In 1974, Paraskevakos was awarded a U.S. patent for this technology. In 1977, he launched Metretek, Inc., which developed and produced the first smart meters. Since this system was developed pre-Internet, Metretek utilized the IBM series 1 mini-computer. For this approach, Paraskevakos and Metretek were awarded multiple patents.
The installed base of smart meters in Europe at the end of 2008 was about 39 million units, according to analyst firm Berg Insight. Globally, Pike Research found that smart meter shipments were 17.4 million units for the first quarter of 2011. Visiongain determined that the value of the global smart meter market would reach US$7 billion in 2012.
H.M. Zahid Iqbal, M. Waseem, and Dr. Tahir Mahmood, researchers of University of Engineering & Technology Taxila, Pakistan, introduced the concept of Smart Energy Meters in 2013. Their article, "Automatic Energy Meter Reading using Smart Energy Meter" outlined the key features of Smart Energy Meter including Automatic remote meter reading via GSM for utility companies and customers, Real-time monitoring of a customer's running load, Remote disconnection and reconnection of customer connections by the utility company and Convenient billing, eliminating the need of meter readers to physically visit the customers for billing.
over 99 million electricity meters were deployed across the European Union, with an estimated 24 million more to be installed by the end of 2020. The European Commission DG Energy estimates the 2020 installed base to have required €18.8 billion in investment, growing to €40.7 billion by 2030, with a total deployment of 266 million smart meters.

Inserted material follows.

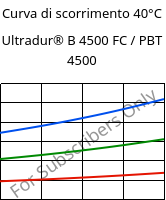 Curva di scorrimento 40°C, Ultradur® B 4500 FC / PBT 4500, PBT, BASF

By the end of 2018, the U.S. had over 86 million smart meters installed. In 2017, there were 665 million smart meters installed globally. Revenue generation is expected to grow from $12.8 billion in 2017 to $20 billion by 2022.

Purpose

Since the inception of electricity deregulation and market-driven pricing throughout the world, utilities have been looking for a means to match consumption with generation. Non-smart electrical and gas meters only measure total consumption, providing no information of when the energy was consumed. Smart meters provide a way of measuring electricity consumption in near real-time. This allows utility companies to charge different prices for consumption according to the time of day and the season. It also facilitates more accurate cash-flow models for utilities. Since smart meters can be read remotely, labor costs are reduced for utilities.

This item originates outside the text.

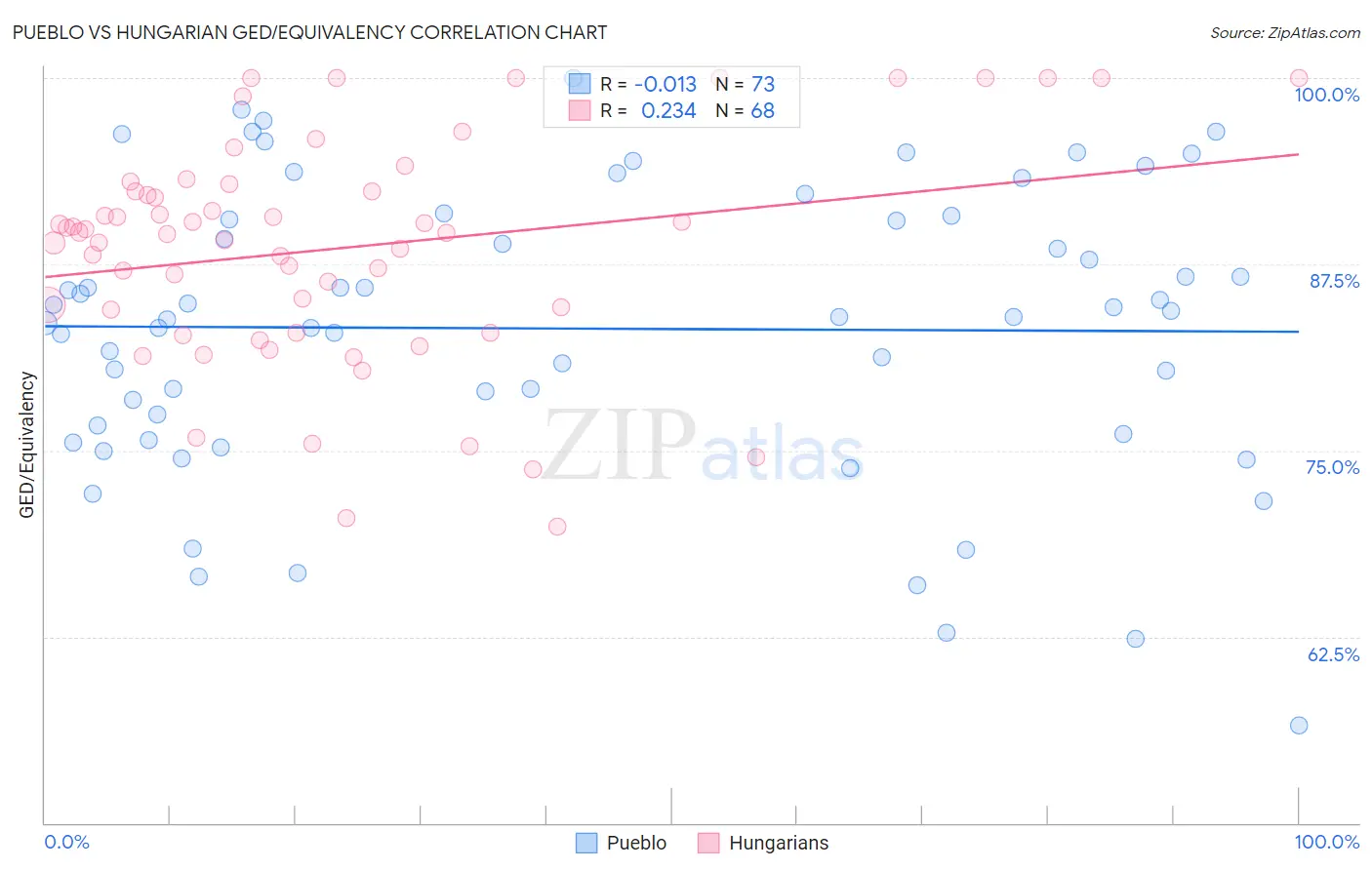 Pueblo vs Hungarian GED/Equivalency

Smart metering offers potential benefits to customers. These include, a) an end to estimated bills, which are a major source of complaints for many customers b) a tool to help consumers better manage their energy purchases—smart meters with a display outside their homes could provide up-to-date information on gas and electricity consumption and in doing so help people to manage their energy use and reduce their energy bills. With regards to consumption reduction, this is critical for understanding the benefits of smart meters because the relatively small percentage benefits in terms of savings are multiplied by millions of users. Smart meters for water consumption can also provide detailed and timely information about customer water use and early notification of possible water leaks in their premises. Electricity pricing usually peaks at certain predictable times of the day and the season. In particular, if generation is constrained, prices can rise if power from other jurisdictions or more costly generation is brought online. Proponents assert that billing customers at a higher rate for peak times encourages consumers to adjust their consumption habits to be more responsive to market prices and assert further, that regulatory and market design agencies hope these "price signals" could delay the construction of additional generation or at least the purchase of energy from higher-priced sources, thereby controlling the steady and rapid increase of electricity prices.

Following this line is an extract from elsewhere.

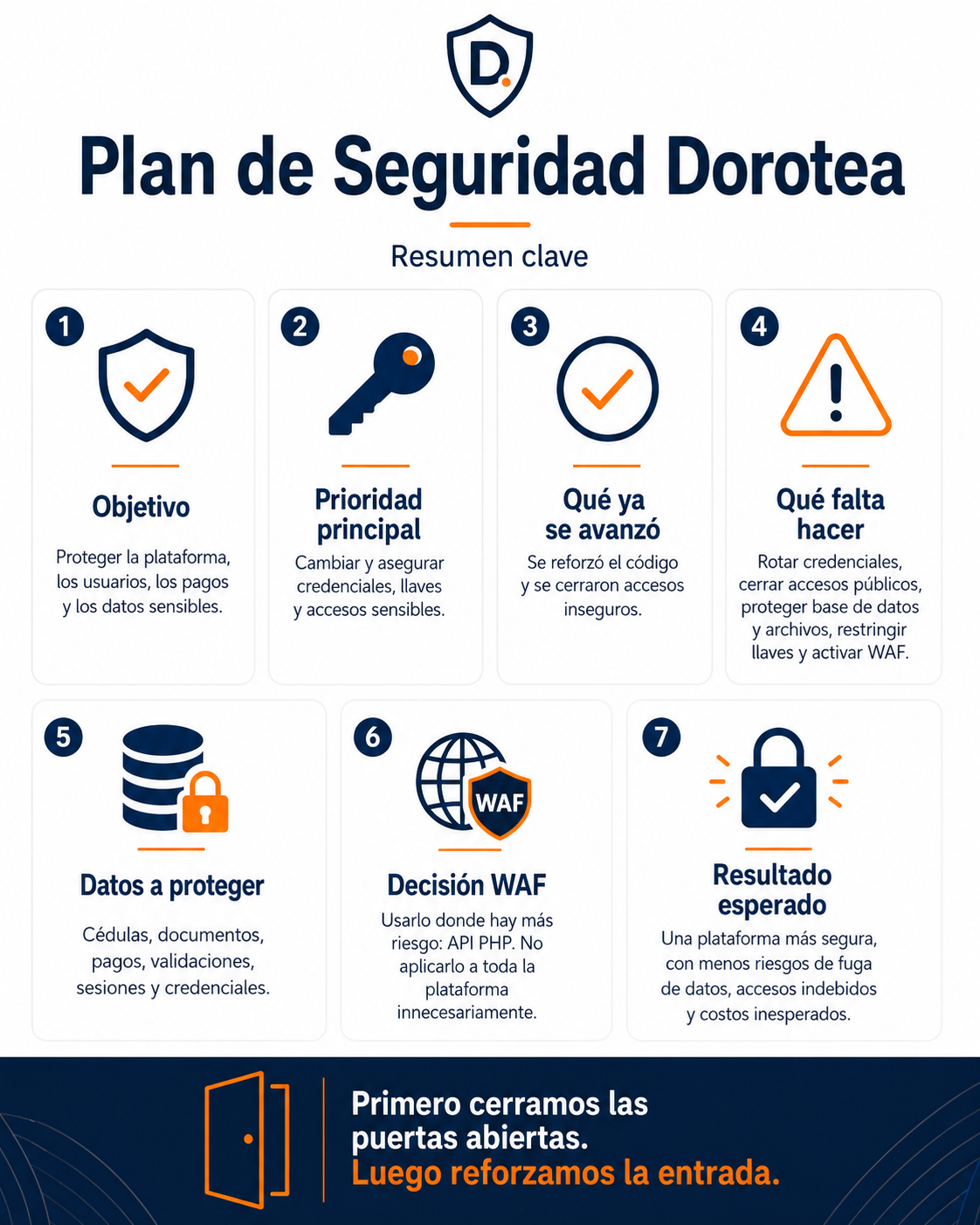 Prueba heider - Inscripción  - Foto 2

An academic study based on existing trials showed that homeowners' electricity consumption on average is reduced by approximately 3-5% when provided with real-time feedback.
Another advantage of smart meters that benefits both customers and the utility is the monitoring capability they provide for the whole electrical system. As part of an AMI, utilities can use the real-time data from smart meters measurements related to current, voltage, and power factor to detect system disruptions more quickly, allowing immediate corrective action to minimize customer impact such as blackouts. Smart meters also help utilities understand the power grid needs with more granularity than legacy meters. This greater understanding facilitates system planning to meet customer energy needs while reducing the likelihood of additional infrastructure investments, which eliminates unnecessary spending or energy cost increases.
Though the task of meeting national electricity demand with accurate supply is becoming ever more challenging as intermittent renewable generation sources make up a greater proportion of the energy mix, the real-time data provided by smart meters allow grid operators to integrate renewable energy onto the grid in order to balance the networks. As a result, smart meters are considered an essential technology to the decarbonisation of the energy system.

Advanced metering infrastructure

Advanced metering infrastructure refers to systems that measure, collect, and analyze energy usage, and communicate with metering devices such as electricity meters, gas meters, heat meters, and water meters, either on request or on a schedule. These systems include hardware, software, communications, consumer energy displays and controllers, customer associated systems, meter data management software, and supplier business systems.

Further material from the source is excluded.